Lloris is unlikely to achieve that goal with Spurs next season. Little wonder manager Mauricio Pochettino recently moved to deny that his player is unhappy. Yet, for all Lloris’ experience and quality, the Frenchman’s distribution with his feet is concerning – an area where Van Gaal’s possession-based game demands much from a ‘keeper. It is a fault on which to ponder.
Also in London the aforementioned Čech is available after falling behind Thibaut Courtois in the Blues’ pecking order. While manager José Mourninho has promised Cech his choice of destination it is a theory yet to be tested with a bid from a key rival for next season’s Premier League title. There is certain to be interest from other domestic clubs, including Liverpool and Arsenal, with Čech’s fee likely to be in the £10 million range for a player who is still only 33. Čech’s performances became more erratic after he suffering a fractured skill against Reading in 2006, although the Czech Republic international secured a dubious nomination for the PFA Team of the Year last season.
In Spain Real Madrid’s Keylor Navas could be available, with the Costa Rican international appearing on just 10 occasions for Los Merengues this season. Even if Iker Casillas is finally, mercifully, released after a long walk into mediocrity, Navas is likely to face the prospect of keeping De Gea’s bench warm next season. Or Čech’s. Either way, it has been a tough campaign for the 28-year-old former Levante player who was outstanding at last summer’s World Cup. Navas was voted La Liga’s Best Goalkeeper in 14 prompting a €10 million move to Madrid. After 12 long months it may be time to move on once more.
Barcelona’s young reserve Marc-André ter Stegen might also be available. Despite promising much, after a summer 2014 move to the Catalan giants, ter Stegen is yet to break into the team ahead of Claudio Bravo. Meanwhile, 23-year-old Bernd Leno has enjoyed a fine season in Bundesliga with Bayer Leverkusen. Not that United would gamble on a young ‘keeper!
Elsewhere, and probably only in a fit of desperation, United could look to a clutch of experienced stoppers around Europe, including Internazionale’s Samir Handanovic, Bayern Munich’s bench-warming Pepe Reina, AC Milan’s Diego López, and Hamburg’s René Adler.

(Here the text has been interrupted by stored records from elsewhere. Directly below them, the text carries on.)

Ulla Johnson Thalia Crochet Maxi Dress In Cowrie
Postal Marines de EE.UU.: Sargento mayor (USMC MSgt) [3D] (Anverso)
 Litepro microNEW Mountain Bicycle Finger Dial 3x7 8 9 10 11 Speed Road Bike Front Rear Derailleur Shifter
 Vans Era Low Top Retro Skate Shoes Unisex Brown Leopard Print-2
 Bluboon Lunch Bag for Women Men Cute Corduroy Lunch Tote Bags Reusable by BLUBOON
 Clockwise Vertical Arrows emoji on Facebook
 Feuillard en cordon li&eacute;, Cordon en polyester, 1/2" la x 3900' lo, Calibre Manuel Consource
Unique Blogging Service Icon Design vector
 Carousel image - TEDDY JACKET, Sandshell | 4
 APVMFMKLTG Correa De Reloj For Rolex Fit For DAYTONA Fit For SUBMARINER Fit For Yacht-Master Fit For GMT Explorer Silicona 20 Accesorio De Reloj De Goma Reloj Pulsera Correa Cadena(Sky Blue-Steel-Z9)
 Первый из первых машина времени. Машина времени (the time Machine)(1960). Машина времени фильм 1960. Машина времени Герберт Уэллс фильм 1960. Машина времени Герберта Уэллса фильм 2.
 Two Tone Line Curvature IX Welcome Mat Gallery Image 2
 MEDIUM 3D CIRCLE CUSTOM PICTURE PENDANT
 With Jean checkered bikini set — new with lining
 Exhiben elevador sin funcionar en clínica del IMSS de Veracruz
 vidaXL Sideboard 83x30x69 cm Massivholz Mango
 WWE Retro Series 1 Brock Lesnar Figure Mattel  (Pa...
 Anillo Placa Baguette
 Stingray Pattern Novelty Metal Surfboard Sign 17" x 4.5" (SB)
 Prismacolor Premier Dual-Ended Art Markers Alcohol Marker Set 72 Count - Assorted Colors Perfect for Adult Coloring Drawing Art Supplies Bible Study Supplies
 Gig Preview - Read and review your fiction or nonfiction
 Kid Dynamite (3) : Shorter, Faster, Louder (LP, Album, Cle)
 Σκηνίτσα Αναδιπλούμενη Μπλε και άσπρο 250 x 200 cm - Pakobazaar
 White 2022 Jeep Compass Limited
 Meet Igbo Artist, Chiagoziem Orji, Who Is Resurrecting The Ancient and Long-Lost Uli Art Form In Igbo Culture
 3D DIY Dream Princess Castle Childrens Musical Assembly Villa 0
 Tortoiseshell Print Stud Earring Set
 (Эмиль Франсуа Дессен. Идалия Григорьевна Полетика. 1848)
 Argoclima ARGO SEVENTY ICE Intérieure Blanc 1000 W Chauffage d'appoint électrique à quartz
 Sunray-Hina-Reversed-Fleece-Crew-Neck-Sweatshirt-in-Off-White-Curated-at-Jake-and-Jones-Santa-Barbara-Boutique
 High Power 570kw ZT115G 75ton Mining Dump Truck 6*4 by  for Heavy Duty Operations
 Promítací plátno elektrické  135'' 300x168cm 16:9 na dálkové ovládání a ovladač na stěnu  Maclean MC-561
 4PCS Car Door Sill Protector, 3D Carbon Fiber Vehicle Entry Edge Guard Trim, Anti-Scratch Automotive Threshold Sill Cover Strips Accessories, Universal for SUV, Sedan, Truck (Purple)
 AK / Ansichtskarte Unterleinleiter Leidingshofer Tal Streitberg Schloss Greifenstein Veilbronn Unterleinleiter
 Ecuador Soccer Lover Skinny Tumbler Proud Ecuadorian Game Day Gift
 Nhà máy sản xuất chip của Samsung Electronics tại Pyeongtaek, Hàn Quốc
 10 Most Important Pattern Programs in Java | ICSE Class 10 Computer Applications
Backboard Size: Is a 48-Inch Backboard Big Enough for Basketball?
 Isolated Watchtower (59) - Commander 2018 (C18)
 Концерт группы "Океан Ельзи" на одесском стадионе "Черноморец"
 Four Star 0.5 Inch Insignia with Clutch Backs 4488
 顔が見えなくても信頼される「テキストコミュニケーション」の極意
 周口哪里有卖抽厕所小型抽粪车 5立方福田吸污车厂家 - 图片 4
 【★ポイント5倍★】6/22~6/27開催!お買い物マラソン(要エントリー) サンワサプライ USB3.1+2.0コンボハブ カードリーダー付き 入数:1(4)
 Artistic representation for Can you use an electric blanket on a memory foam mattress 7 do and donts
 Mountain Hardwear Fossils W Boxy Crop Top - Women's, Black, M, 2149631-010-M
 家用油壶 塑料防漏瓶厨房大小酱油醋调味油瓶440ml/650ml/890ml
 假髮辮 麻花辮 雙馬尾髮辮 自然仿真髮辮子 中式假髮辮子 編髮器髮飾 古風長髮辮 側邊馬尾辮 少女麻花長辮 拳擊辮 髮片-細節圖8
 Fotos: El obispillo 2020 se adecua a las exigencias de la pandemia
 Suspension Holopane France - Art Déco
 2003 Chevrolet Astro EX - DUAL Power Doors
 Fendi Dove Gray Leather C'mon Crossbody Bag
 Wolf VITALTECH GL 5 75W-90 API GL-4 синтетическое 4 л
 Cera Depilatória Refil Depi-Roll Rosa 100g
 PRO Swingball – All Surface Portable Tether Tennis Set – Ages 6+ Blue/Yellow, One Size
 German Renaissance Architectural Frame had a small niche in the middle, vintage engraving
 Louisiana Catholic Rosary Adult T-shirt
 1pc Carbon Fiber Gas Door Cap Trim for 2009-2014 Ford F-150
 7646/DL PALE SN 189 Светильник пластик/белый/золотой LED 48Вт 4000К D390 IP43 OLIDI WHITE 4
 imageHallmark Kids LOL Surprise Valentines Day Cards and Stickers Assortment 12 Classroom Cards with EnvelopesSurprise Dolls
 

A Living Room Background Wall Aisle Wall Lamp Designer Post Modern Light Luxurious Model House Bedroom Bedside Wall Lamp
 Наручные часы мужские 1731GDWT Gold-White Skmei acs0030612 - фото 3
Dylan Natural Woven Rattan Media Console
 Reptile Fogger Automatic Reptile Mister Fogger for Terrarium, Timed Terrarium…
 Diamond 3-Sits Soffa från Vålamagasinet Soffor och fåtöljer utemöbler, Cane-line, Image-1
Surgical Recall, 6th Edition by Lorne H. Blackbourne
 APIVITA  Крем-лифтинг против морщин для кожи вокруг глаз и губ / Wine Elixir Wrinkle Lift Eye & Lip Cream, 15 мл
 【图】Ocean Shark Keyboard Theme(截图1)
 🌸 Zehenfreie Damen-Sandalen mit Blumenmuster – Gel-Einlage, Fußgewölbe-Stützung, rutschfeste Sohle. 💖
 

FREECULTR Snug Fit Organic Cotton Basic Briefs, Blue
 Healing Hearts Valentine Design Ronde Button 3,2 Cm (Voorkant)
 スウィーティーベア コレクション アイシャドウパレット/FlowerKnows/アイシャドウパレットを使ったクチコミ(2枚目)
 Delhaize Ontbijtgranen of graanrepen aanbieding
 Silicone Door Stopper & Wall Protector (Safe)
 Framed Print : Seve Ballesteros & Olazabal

Yet, in compiling any list, it is clear that there are few options for United to retain parity in the goalkeeping department. Not unless the unequivocally unavailability of Courtois and Bayern Munich’s outstanding Manuel Neuer changes this summer.
It is a somber thought as De Gea plays out the end game in a long-running strategy to join Madrid; one that United can only block by forcing the player to remain for a further season. In that scenario a new contract may yet be signed, if only to offer De Gea a handsome final pay-off, and the Reds some leverage next summer. Few doubt the player’s destination of choice though.